Il est nécessaire, voire impératif, de réunir tous les éléments d’une situation pour ensuite former un avis éclairé.
Nous sommes donc en 2016. Le mouvement #OscarSoWhite dénonçant le manque de diversité dans les actrices et acteurs nommés fait rage. De nombreuses célébrités boycottent ouvertement la cérémonie, et parmi elles, qui trouve-t-on? L’actrice Jada Pinkett Smith, épouse de Will Smith. L’humoriste Chris Rock, animateur de la soirée, lui consacrera deux petits tacles, dont le fameux : « Jada qui boycotte les Oscars, comme moi qui boycotte la culotte de Rihanna. Je n’étais pas invité. » Le public rigole, ha ha ha, la soirée continue.
Nous sommes en 2018. Jada annonce publiquement souffrir d’alopécie, une maladie auto-immune causant d’importantes pertes de cheveux. Ce n’est pas un détail – nous y reviendrons. Mais pour l’heure, retenons simplement qu’au fil du temps, elle se rasera les cheveux, décrivant l’acte comme « affranchissant et libérateur ».
Retour en 2022. Les Oscars sont encore dans quelques jours, mais Jada confie déjà sur TikTok ses réflexions à l’aube de sa future apparition publique avec un crâne rasé. Elle y parle de la pression capillaire que ressentent les femmes noires à Hollywood, regrette d’avoir pu y céder par moments, puis conclut avec force, comme pour dompter ses propres appréhensions : « Je n’en ai rien à faire de ce que les gens ressentent par rapport à ce crâne qui est le mien! »
Et cette confiance se ressentira sur le tapis rouge, où elle apparaîtra radieuse. De même lorsqu’elle roulera simplement des yeux après que Chris Rock, de nouveau présentateur des Oscars, l’eut comparée à l’héroïne G.I. Jane sur la base de leurs deux crânes rasés.
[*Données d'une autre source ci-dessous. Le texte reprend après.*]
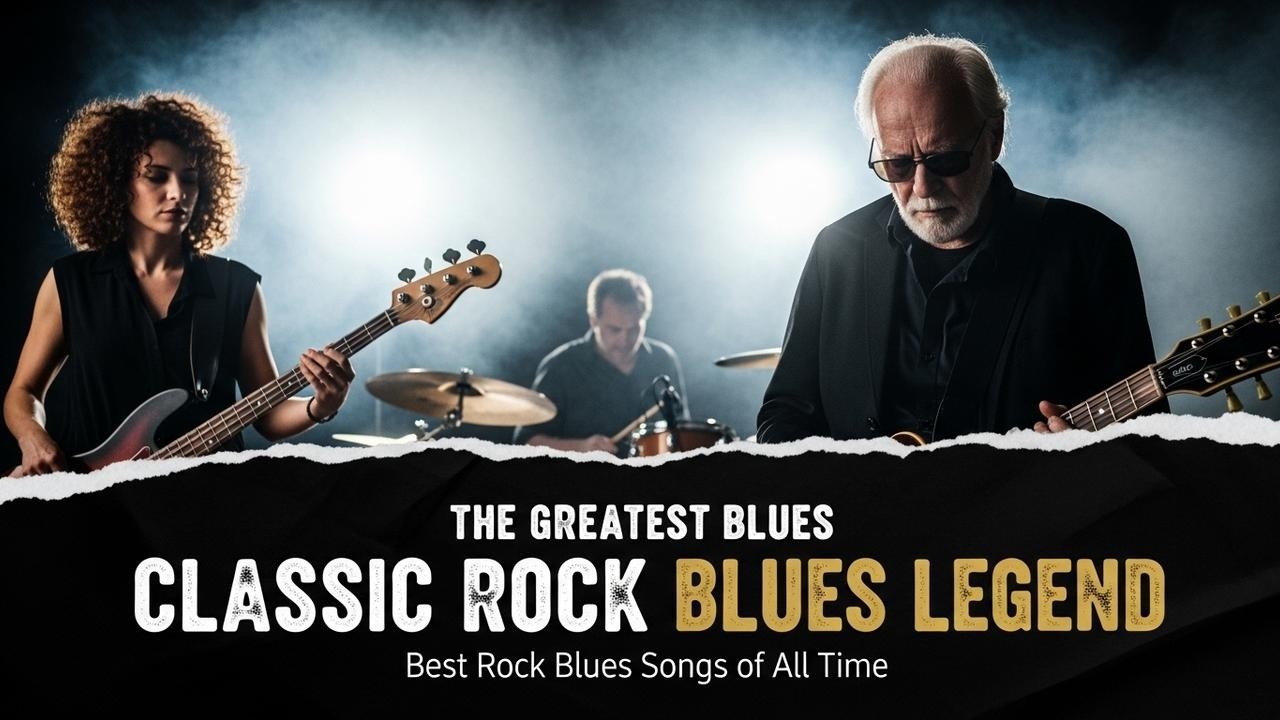 ZZ Top, Jimi Hendrix, Muddy Waters, Eric Clapton, BB King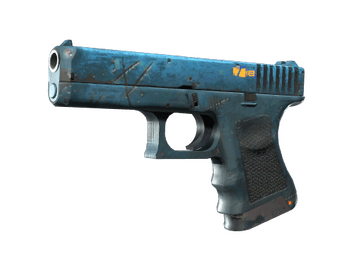 StatTrak™ Glock-18 | Off World (Well-Worn)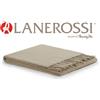 Lanerossi Plaid puro cashmere con frange di LANEROSSI Art. TIBET variante BROWN - cm 130x1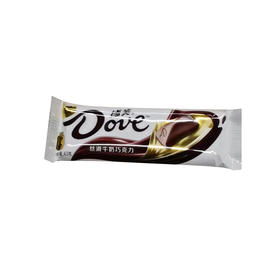 德芙板块牛奶巧克力43g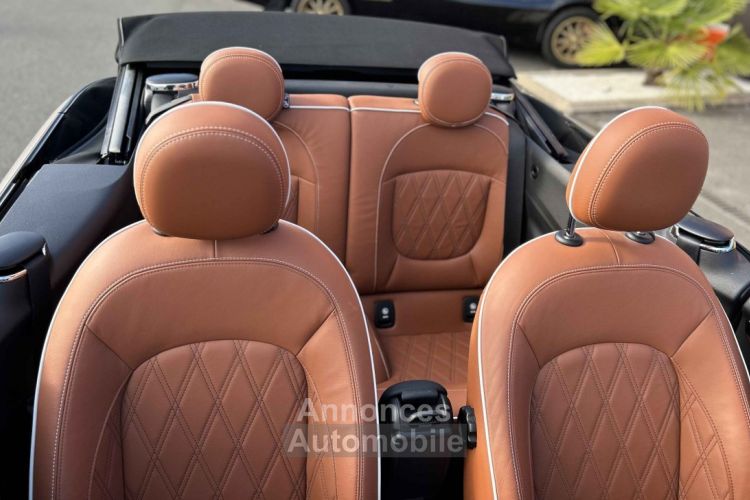 Mini Cabrio CABRIOLET III (2) 1.5 COOPER 136 EDITION CAMDEN BVA7 - <small></small> 29.990 € <small>TTC</small> - #6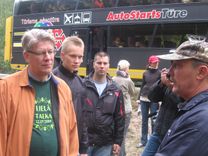 Lielajā talkā Lapmežciemā piedalās arī Valsts prezidents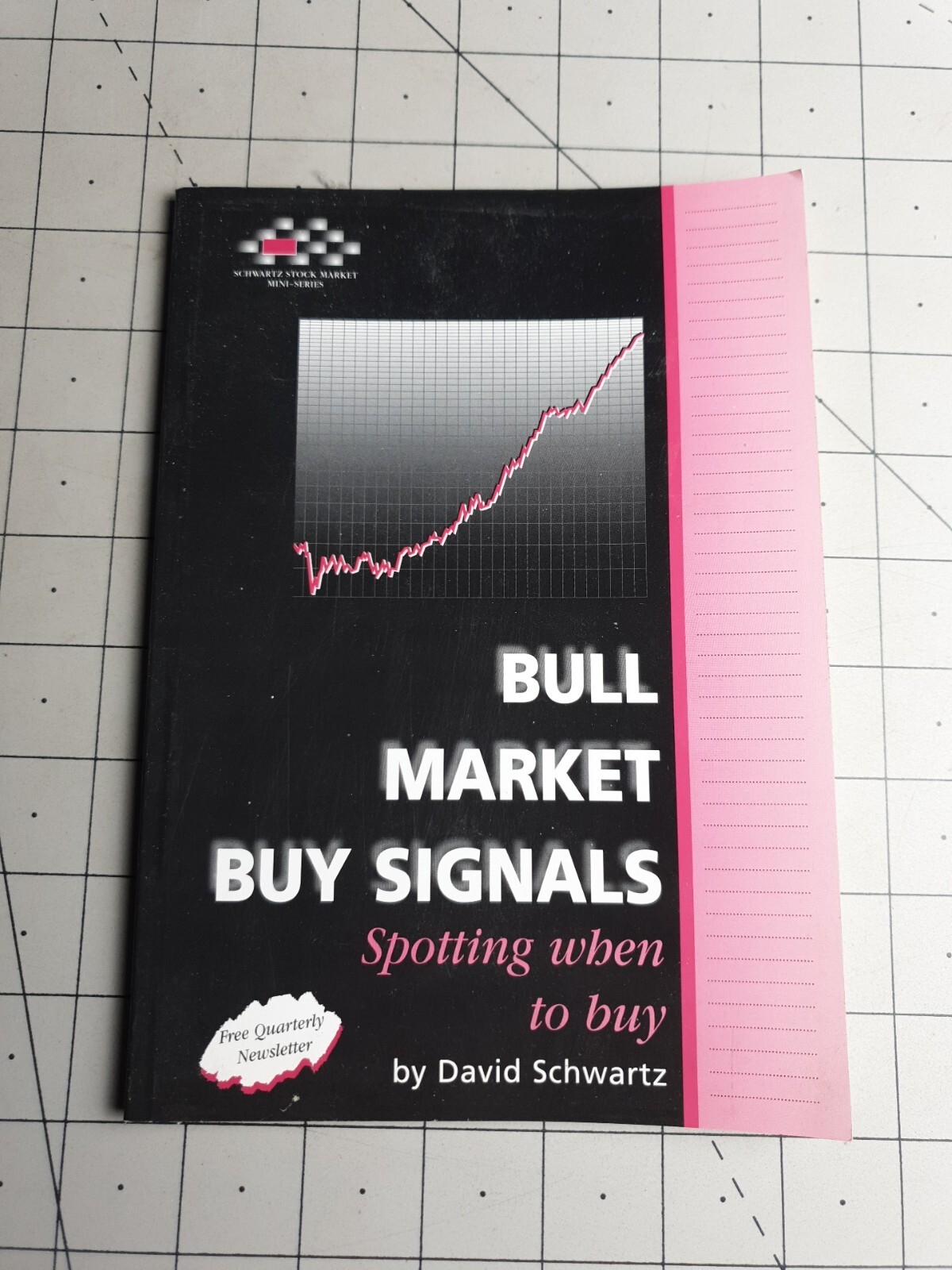 Bull Market Buy Signals David Schwartz 1997 Paperback Book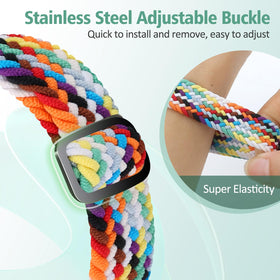 Wrist with VNDAPT Charge 5/6 band demonstrating adjustable loop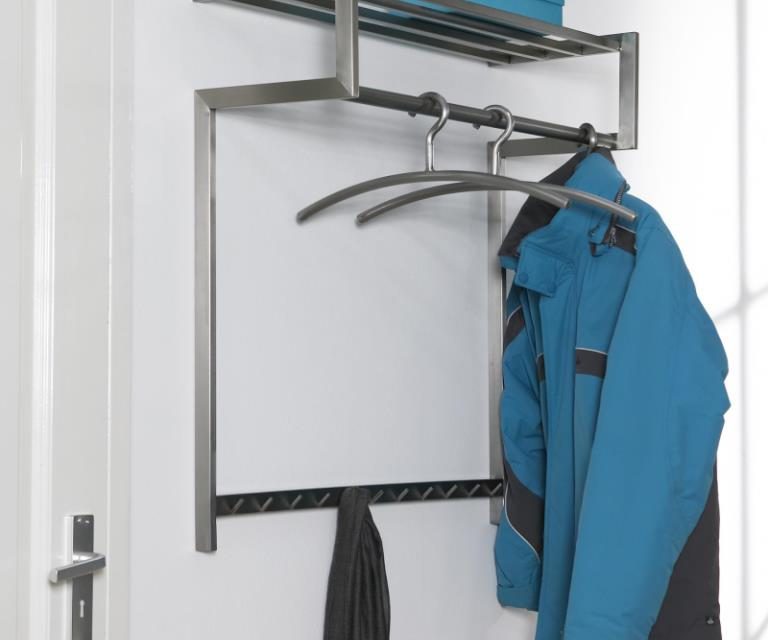 FURBO Entresæt, børstet stål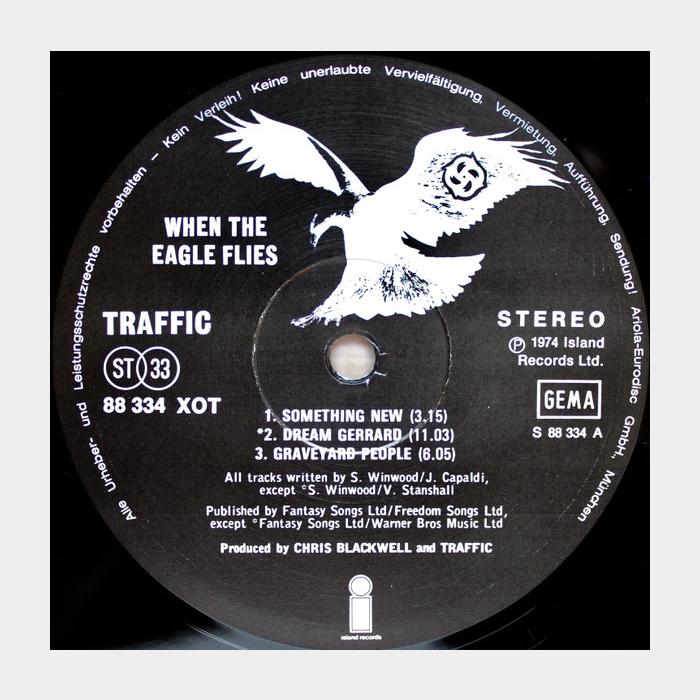 Traffic - When The Eagle Flies (ex+/ex+)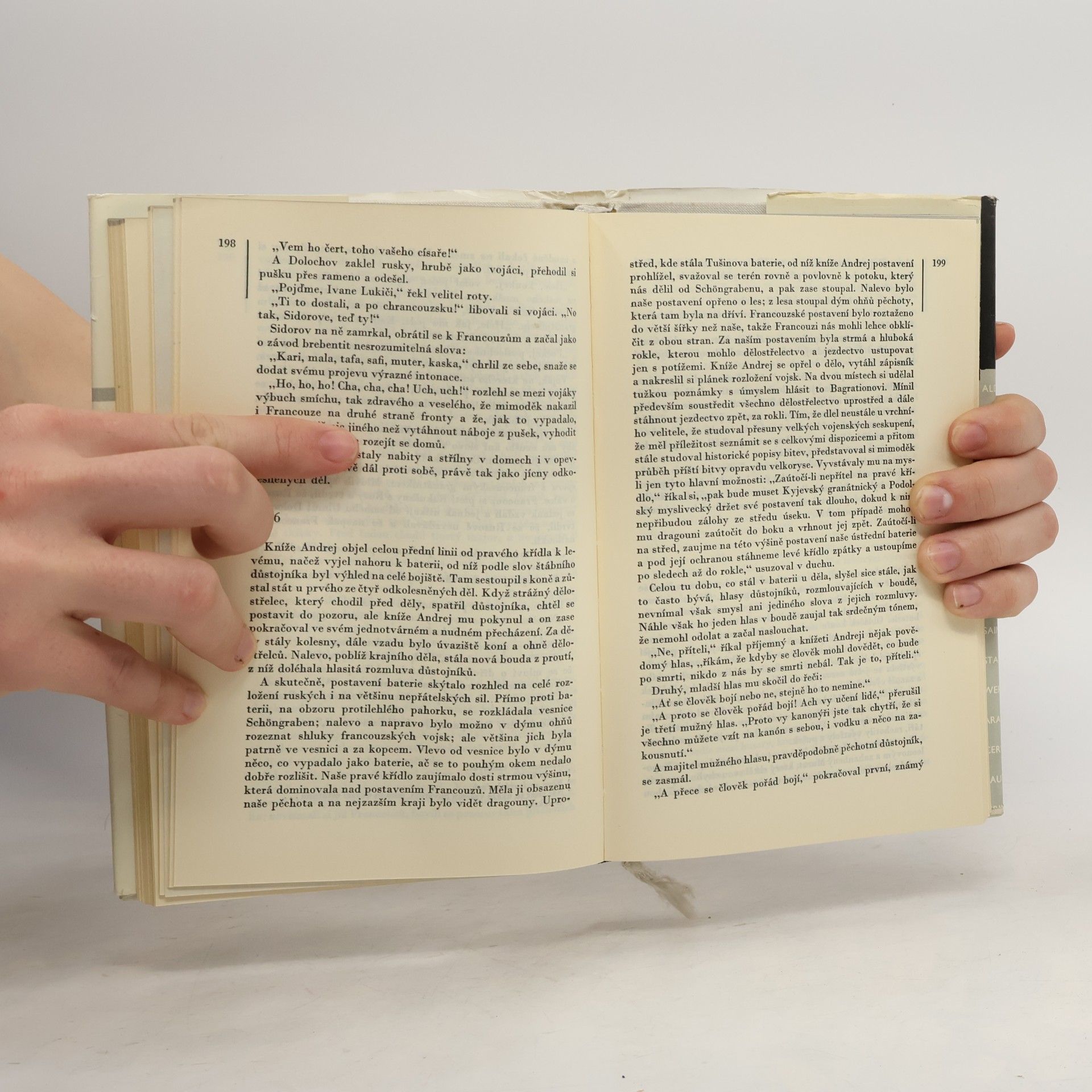 Lew Nikolajewitsch Tolstoi Vojna a mír I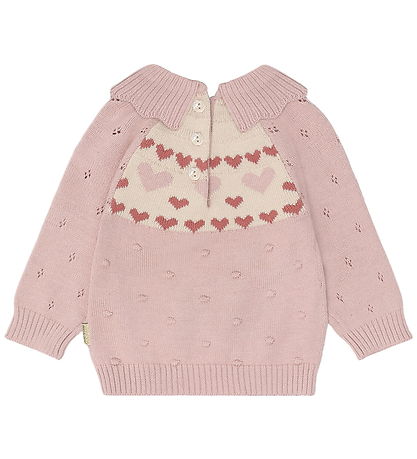 Hust and Claire Bluse - Strik - HCPusle - Adobe Rose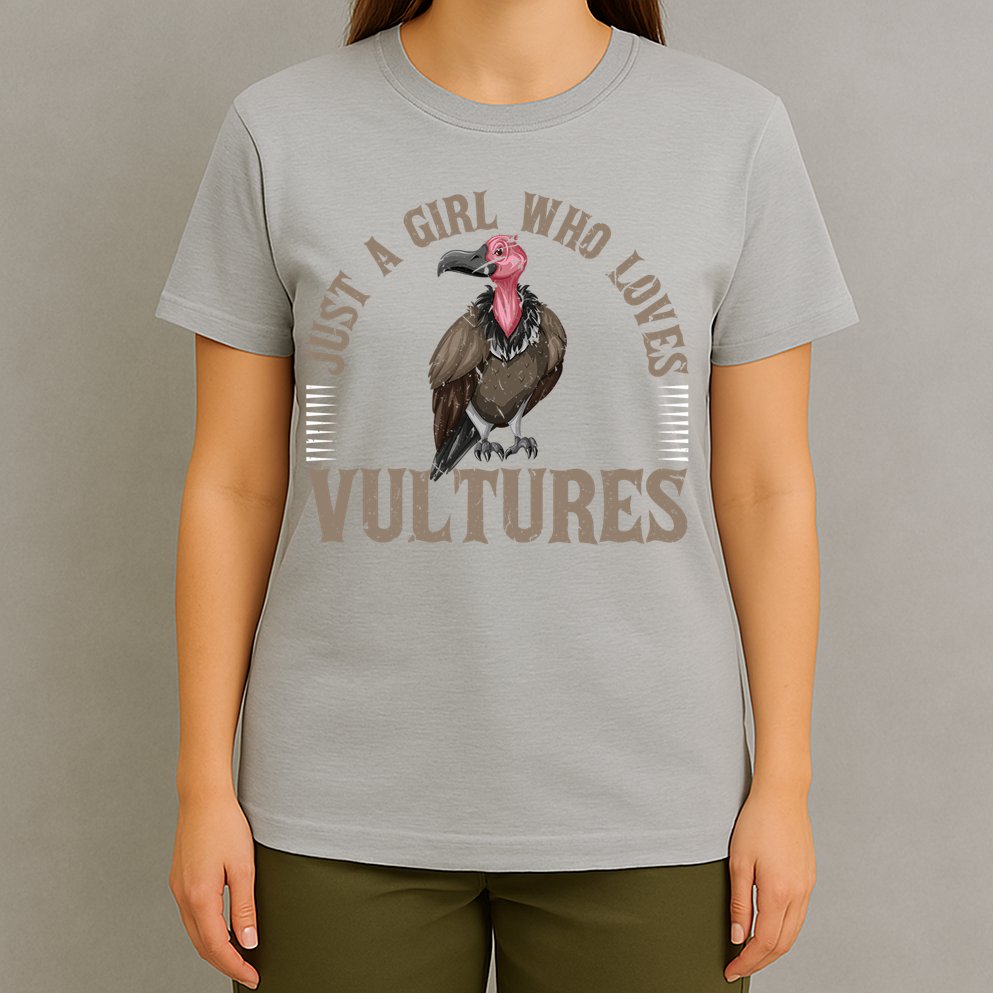 Who Loves Vultures Carrion Scavenger Bird T-Shirt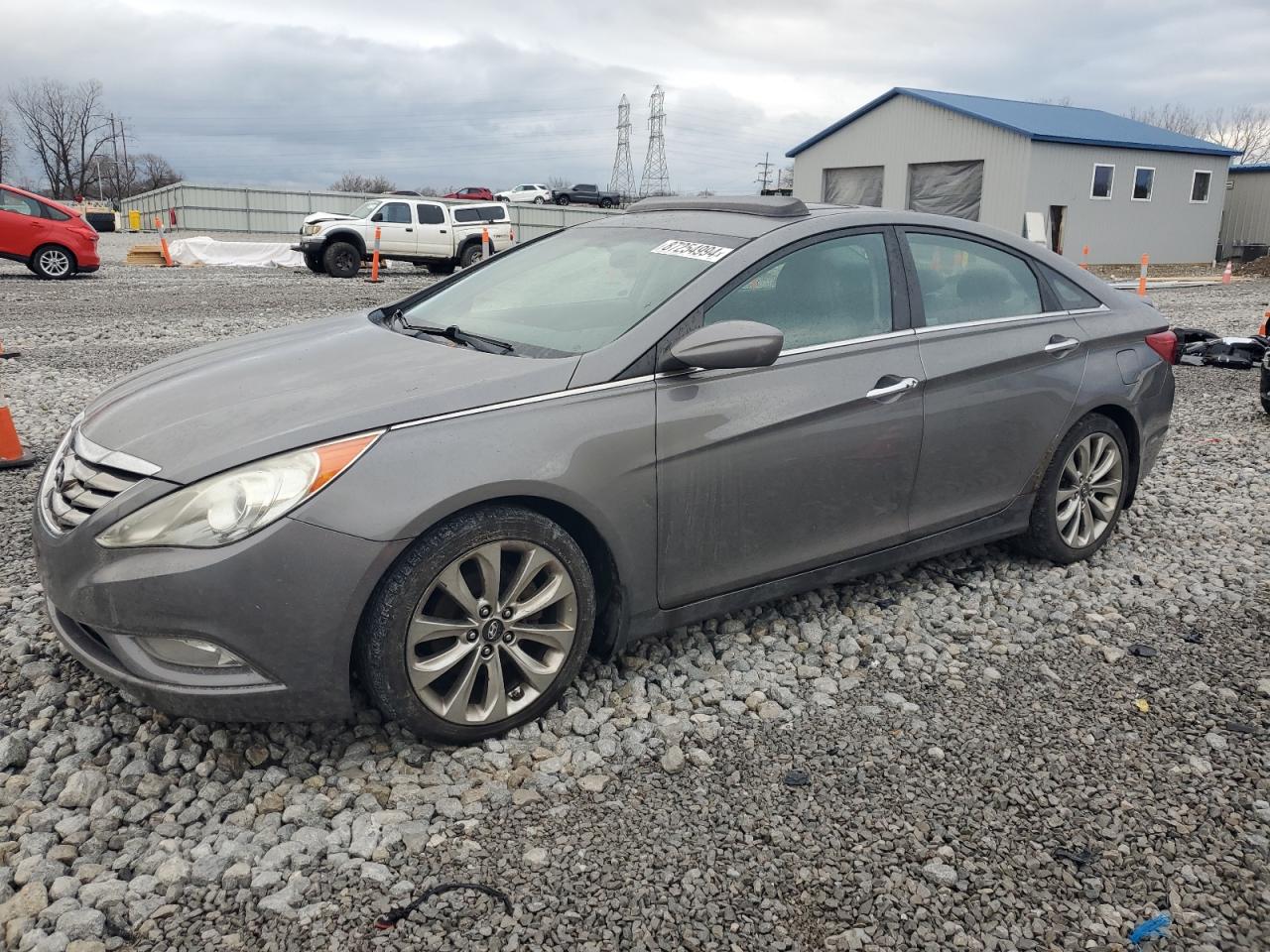  Salvage Hyundai SONATA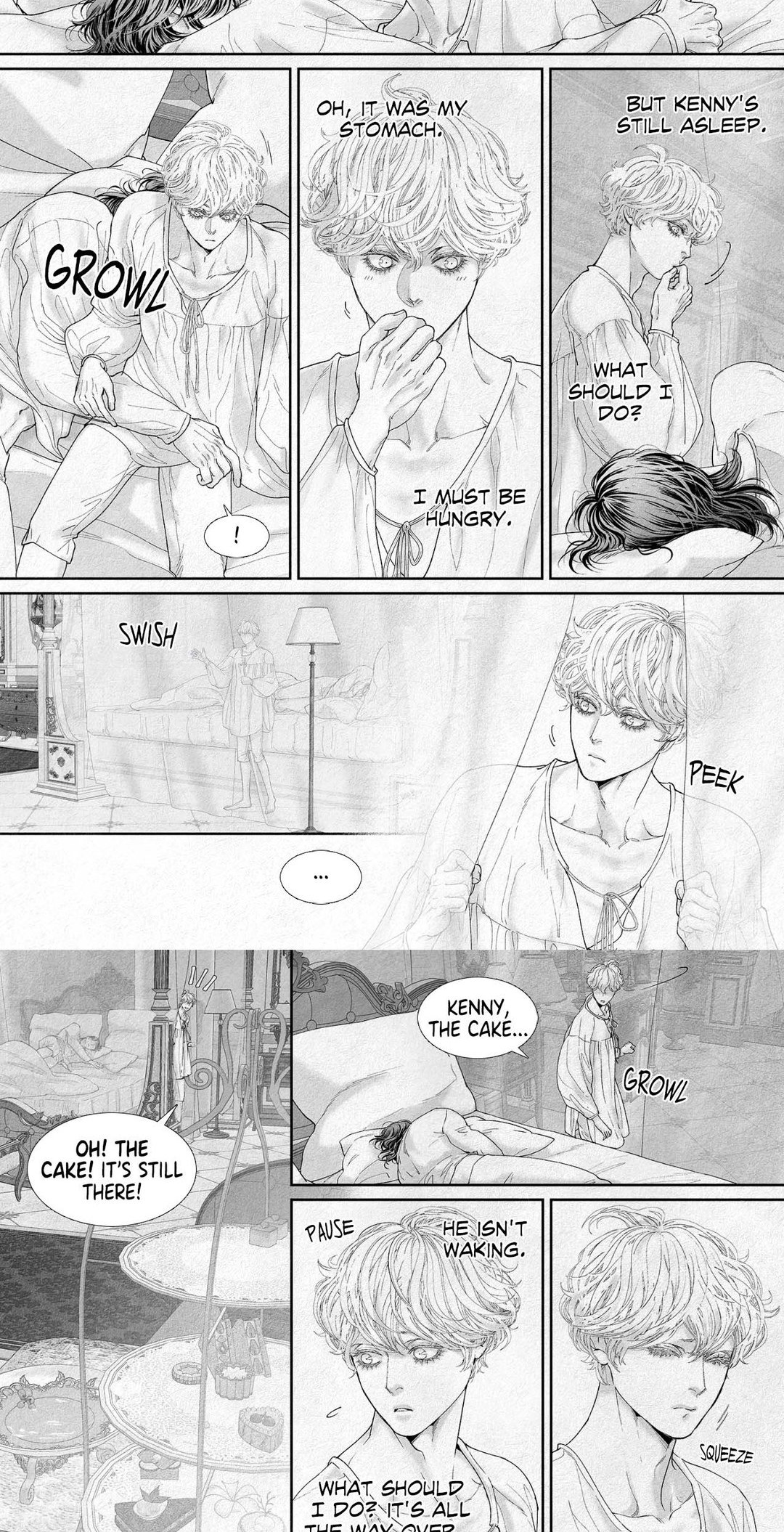 An Abyss: Poem of Chaff - Chapter 35 manhwa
À ses côtés, Will rira de cette blague – par nervosité ou hilarité réelle, nul ne saura. Voir sa femme stoïque changera la donne, cependant, car il se lèvera aussitôt de son siège, montera sur scène, et le reste des événements est connu de tous et toutes.
Peut-être qu’une partie d’elle savait que tôt ou tard, ses cheveux deviendraient une punchline.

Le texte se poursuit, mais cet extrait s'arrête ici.